I followed route 14 south all the way to the southern tip of the county, just a couple of miles from the Gulf.  There was a small parking lot, a few picnic tables, and a boat-launch area.  It was gorgeous!  A Northern Flicker called from across the river, and another called from the parking lot.  A Red-bellied Woodpecker darted about as did a bunch of Yellow-rumped Warblers.  It was a nice beginning to the day.

Hermit Thrush
Our goal was to walk the blue trail, a 2.6 mile round trip that begins at the northwest corner of the parking lot.  There is a relatively straight portion of the trail that eventually reached a loop, like a big ring at the end of a rope.  It's advertised as the best birding in the park, and it started well.  We were surrounded by a mixed flock that included Black-and-white Warbler, Ruby-crowned Kinglet, Tufted Titmouse, and Carolina Wren.  They were joined by a Yellow-bellied Sapsucker, a Gray Catbird and a Hermit Thrush.  A little farther down the path we reached a depression that held a couple of inches of gently moving water.  We crossed it without any thought ... probably a mistake.

We reached the loop and decided to walk counterclockwise.  Almost immediately we saw another flock with several of the same species and a few new ones.  An Eastern Towhee sang to us from one side of the path while a Blue-headed Vireo danced around the other side.  Farther along we found a Pine Warbler with its dry, raspy call. 

Looking back on the crossing we worked around.
We covered about three quarters of the loop when we encountered a problem.  A gap in the path was filled with a foot or more of water.  A thin branch looked like it might be used as a bridge, but only for hobbits or elves.  We could turn around and take the long way back, but not these intrepid explorers!  We searched the area and found where we could gain the other side by crossing three more shallow areas.  A couple of inches of water here, a couple of inches of mud there, and we were across.  Hah!  Nothing can stop us!

We were rewarded almost immediately with a secretive Marsh Wren who allowed us a quick glance before it dove for cover.  A Little Blue Heron and a Great Egret also flew out of a nearby channel.

Soon we completed the loop and turned toward the parking lot.  Suddenly we stopped dead in our tracks.  That couple of inches of moving water we had crossed two hours earlier was now much more formidable.  There would be no getting around this one.  There also would be no going back.  Nope, the trickle of water had become a stream deep enough to reach just below my knees, and it separated us from the parking lot.  We had to cross it.  We sat on the ground, stripped off our shoes and socks, rolled up our pants legs and waded into the water.  There is no way for me to describe this adequately, so I'll just say it.  The water was VERY COLD!!!!  I got to the other side, used my scarf to dry my feet, and put my socks and shoes back on as quickly as I could.  We hastened back to the parking lot where I realized that I had forgotten my thermos of coffee.  Grrrr!

Lesser Yellowlegs
We had a quick lunch in the picnic area and then drove to our second destination, Hickory Mound.

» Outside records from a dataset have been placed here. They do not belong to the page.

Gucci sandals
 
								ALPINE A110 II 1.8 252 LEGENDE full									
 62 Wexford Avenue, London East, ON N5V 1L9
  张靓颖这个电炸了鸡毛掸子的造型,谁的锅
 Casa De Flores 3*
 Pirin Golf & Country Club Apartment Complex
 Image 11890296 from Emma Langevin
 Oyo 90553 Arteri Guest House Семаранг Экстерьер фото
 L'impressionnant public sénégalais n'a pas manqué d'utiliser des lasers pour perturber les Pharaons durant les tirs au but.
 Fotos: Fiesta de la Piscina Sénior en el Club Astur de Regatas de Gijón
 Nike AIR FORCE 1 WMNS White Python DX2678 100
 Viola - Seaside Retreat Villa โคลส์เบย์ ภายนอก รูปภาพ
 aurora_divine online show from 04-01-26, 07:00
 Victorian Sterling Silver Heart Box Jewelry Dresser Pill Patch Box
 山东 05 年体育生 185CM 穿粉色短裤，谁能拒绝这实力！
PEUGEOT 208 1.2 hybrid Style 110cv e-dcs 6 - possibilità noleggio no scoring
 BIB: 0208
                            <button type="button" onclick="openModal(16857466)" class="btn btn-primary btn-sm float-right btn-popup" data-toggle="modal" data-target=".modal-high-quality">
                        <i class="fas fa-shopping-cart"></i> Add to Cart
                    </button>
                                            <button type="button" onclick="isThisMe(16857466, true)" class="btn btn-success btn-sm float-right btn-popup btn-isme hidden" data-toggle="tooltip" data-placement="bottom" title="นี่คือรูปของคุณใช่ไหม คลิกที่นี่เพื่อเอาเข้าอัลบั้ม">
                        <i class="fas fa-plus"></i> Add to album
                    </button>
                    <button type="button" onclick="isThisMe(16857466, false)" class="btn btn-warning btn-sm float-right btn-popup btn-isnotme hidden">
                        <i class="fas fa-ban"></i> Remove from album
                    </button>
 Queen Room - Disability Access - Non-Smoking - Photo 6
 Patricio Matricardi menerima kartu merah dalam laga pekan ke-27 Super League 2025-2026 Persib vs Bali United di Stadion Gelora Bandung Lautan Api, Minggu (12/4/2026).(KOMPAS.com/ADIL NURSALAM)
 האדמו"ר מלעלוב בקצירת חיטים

This is really a great place, and if you haven't been there, you need to get there.  Essentially, it's a square driving trail that winds its way among salt water marshes, shallow ponds, deeper pools, and channels leading to the Gulf.  Based on the season, waders, shorebirds, gulls, terns and ducks can be found everywhere you look.  Quickly we saw a nice group of shorebirds that included Dunlin, Western and Least Sandpipers, Greater and Lesser Yellowlegs, Semipalmated and Black-bellied Plovers and what I'm convinced were both Short-billed and Long-billed Dowitchers.  I studied the dowitchers for a long time - long enough that I missed a Virginia Rail seen by the others.  We watched Northern Harriers and Belted Kingfishers hunt the marshes for a late lunch.  And we slowly drove past Laughing, Ring-billed and Herring Gulls that resented our incursion into their resting area on a narrow piece of the road.  Along Coker Road we added a Common Yellowthroat and a Bufflehead to the day's haul.  This was terrific birding!

An Osprey at Hickory Mound
On the other hand, we were way behind schedule!  So we turned from Hickory Mound and headed toward the coastal beaches along CR 361.  Along the way we stopped at a farm pond where a flock of White Ibises were feeding on the opposite side.  A Killdeer flew over my head and into the field beyond.  An Eastern Phoebe perched quietly on a rock as if sunning himself on a lazy afternoon.   

Eventually we reached Adams Beach where we saw a Brown Pelican and a Ruddy Turnstone on an oyster bar just off shore.  Next was tiny Dekle Beach where a quick drive along Front Street added European Starling and Eurasian Collared-Dove, birds often associated with more urban environments.  And then with the sun sinking toward the horizon, we pulled into Keaton Beach, a charming community with a small public beach and a big fishing pier.  Here we found the day's only House Finch, the 72nd and final new bird of the day.

We had just a bit of daylight left - enough to let us head into Hagens Cove to watch the sun set in a blaze of orange.  It was a spectacular way to wrap up a great day of birding.  We then ended the day with an excellent fried shrimp dinner at Roy's in Steinhatchee.

I love the birding life!

Sunset at Hagens Cove

Common Yellowthroat along Coker Road

The Osprey posed for a long time.

Savannah Sparrow at Hickory Mound

Friday, January 23, 2015

Meeting Jay-Z ... Well, really, it was JZ

Female (l) and male Northern Shovelers with an American Coot (r)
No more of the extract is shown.